Entitlement programs have recently come under fire as Republicans urge changes to the programs and Democrats resist.
Democrats want to ensure that entitlement programs continue to exist under government control, to guarantee benefits. On the other hand, Republicans propose letting private companies control some portion of these programs, to benefit businesses and foster competition on the open market.
Still, these programs cost a ton of money, so something will have to change.
One of the main entitlement programs. In a nutshell, Medicare guarantees health insurance to Americans age 65 and older.
Some Republicans want to give Medicare recipients a choice between coverage from private companies and coverage from the government, while Democrats generally want Medicare to remain controlled by the government.
The other big entitlement program. In fact, Social Security is the U.S. government's largest expenditure. But what is it? It's an insurance program for Americans who are retired, disabled, or survivors of a deceased family member.
It is sometimes called the "third rail" in American politics, because it's generally unpopular to suggest reforming something that benefits so many people.
A Democratic leader in the House named Dick Durbin proposed taking Social Security out of discussions about the fiscal cliff entirely. Republicans want the possibility of cutting Social Security to stay on the table.
The tax rate is actually kind of confusing, but basically, for the American taxpayer, it's the percentage at which income is taxed - not the total dollar amount you are taxed, but the rate at which your income is taxed, based on how much you make.

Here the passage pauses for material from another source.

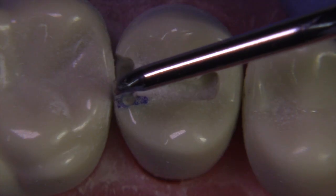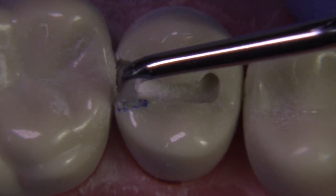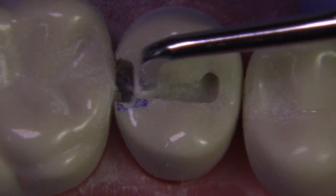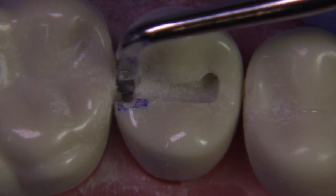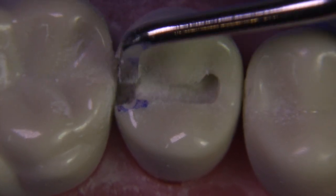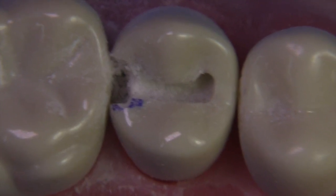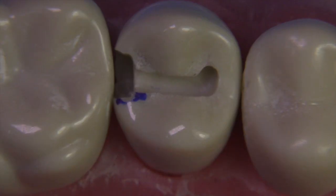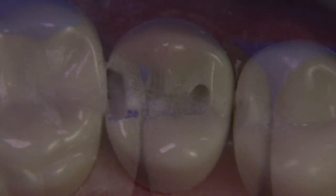Always maintain the correct exit angle — 90 degrees — while you chop, so you're not creating a flare or an extremely undermined area to deal with later. If you have the right exit angle while extending and get the right amount of clearance, you don't have to correct anything. For amalgam, we need more clearance — we need access for condensing at those areas. It's a meticulous and tedious process, but you just have to work your way through it until you've got the right amount of clearance.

There are these tax brackets that set the rate. Here's how it works, basically. Say for example you're a single person who earns $20,000 a year. The first tax bracket is from $0 to $8700, so for the first $8700 of your income, you're taxed at the lowest rate (10%). The next bracket is from $8700 to $35,350, so for the rest of your income - $11,300 - you're taxed at the second-lowest rate, which is 15%.
Tax rates are important now because some have proposed raising tax rates on the wealthiest Americans.
Obama proposes raising taxes on the wealthy. He says they can afford it. Democrats back this plan.
Some wealthy people, including one of the richest people in the world, Warren Buffett, agree.
Republicans do not like this at all. They say raising taxes on the wealthy - who often run businesses - hinders job growth.
Tax cuts are just what they sound like: a reduction in how much you have to pay in taxes. President Bush pushed through what became known as "the Bush tax cuts," but they were put into place with an expiration date. That's why they're being debated again now. Should the government keep them going or not?
Republicans resist lowering taxes for the wealthy because they say that would chill their ability to boost the economy. Democrats say the tax cuts have worsened the deficit, but they don't like the idea of raising taxes for the middle class.
The Tax Players of Politics
Now that you know what the issues are, you should take a look at the people who are leading the charge on tax reform.
Obama wants to raise taxes on the wealthy in order to avoid the fiscal cliff. He says that by re-electing him, voters were saying they agreed with him on taxes.
Norquist is the Pied Piper of low taxes. He's a lobbyist who campaigns, hard, against raising taxes.
As the current Speaker of the House of Representatives, Boehner, a Republican, believes that no tax increase is needed to avoid the fiscal cliff.
She's a Democrat and the the minority leader of the U.S. House of Representatives. Pelosi believes any fiscal cliff deal must include a raise in taxes on the wealthy.